PC Leader John Tory touched on a number of themes that resonate in many of our rural areas during a speech to the Northern Ontario Summit last month.

Early on in his speech, Tory spoke of the continued outmigration of Ontario’s rural young people to cities, as well as our continued inability to recruit enough doctors, nurses and health professionals to our smaller towns.

We have seen all too often, young people from our area exit en masse for jobs and education in more urban areas, while community volunteers scramble to find doctors and nurses to work in our already underserviced communities.

As I see it, as long as people from our rural areas are not at the table, their concerns are going to be considered an afterthought compared to larger cities. This will mean time and time again that we will continue to have policies that are ill-thought out, ill-fitting and ill-advised.

Due to these ongoing concerns, we are on the record advocating greater decentralization of government services as a cornerstone of our policy deliberations.  This is something that Mr. Tory touched on when he came to Port Dover in 2004.

According to Tory, decentralization of government services, “means stopping the mad rush to one-size-fits-all programs and solutions which fail to recognize unique needs”

John Tory and the rest of my colleagues at Queen’s Park believe decentralization works for three reasons. 

First, for many government departments it means the people making decisions and implementing policy actually have regular and personal contact with the people impacted by this policy.  That would be a nice change.

Second, decentralizing areas of government can have a huge impact on small and medium sized communities -- and the staff, the salaries, the demand for services and real estate -- that might be taken for granted in a larger urban city  -- can have a much stronger economic impact.  How many times have we seen province-wide staff reductions that result in job losses in both big cities and small communities?
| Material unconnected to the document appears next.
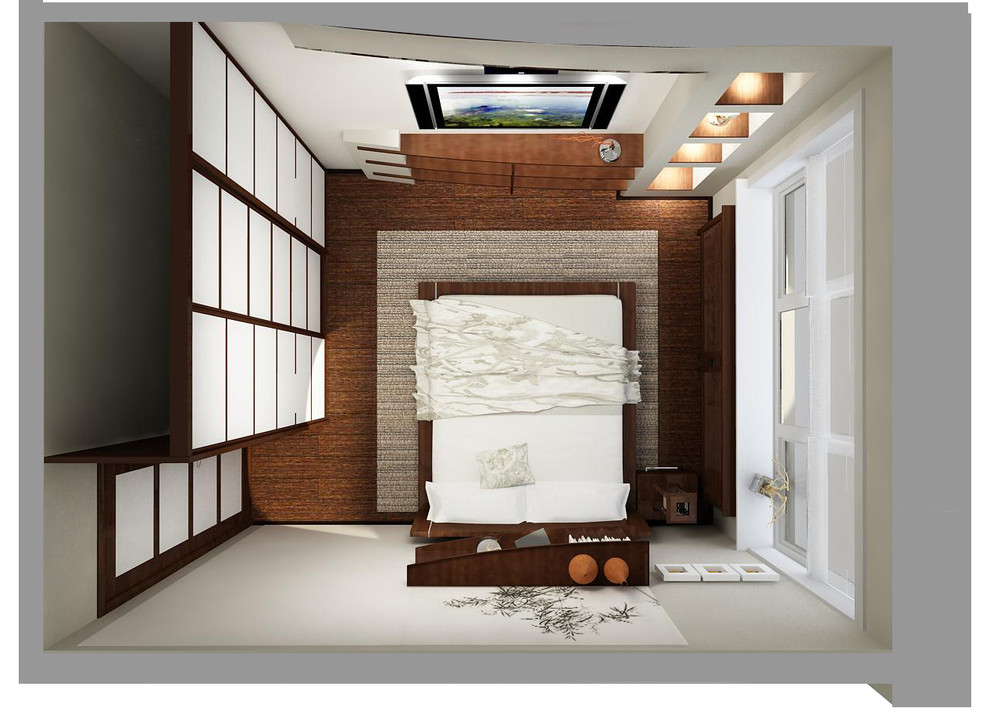 квартира в Питере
The only difference is that a job lost in a big city may be one out of one hundred, while in the small town it is one out of two.  We have to start thinking about these things and not just using bureaucratic Toronto cookie-cutters when we make decisions.

Finally, the business case works here in Haldimand-Norfolk-Brant as well.  With the right up-front investment, and the use of new technologies, the cost of doing many kinds of business will be competitive, if not less expensive, than what is offered elsewhere.

Tory went on to say that in addition to plans for decentralization, with an election on the far horizon, representatives of all stripes are open for input.

I want to hear new ideas for encouraging young people not to leave our beautiful small communities, and to ensure that they can find that job, buy that home, and raise that family right here at home.

We are determined to give kids who grow up here an option – an option to stay and build a career.  We are determined to put and end to the notion that we just need more of the same, more one-size-fits-all, made-in-urban Ontario solutions.

Locally, let’s all work together to ensure the big picture holds solutions that fit our rural Haldimand-Norfolk-Brant as well.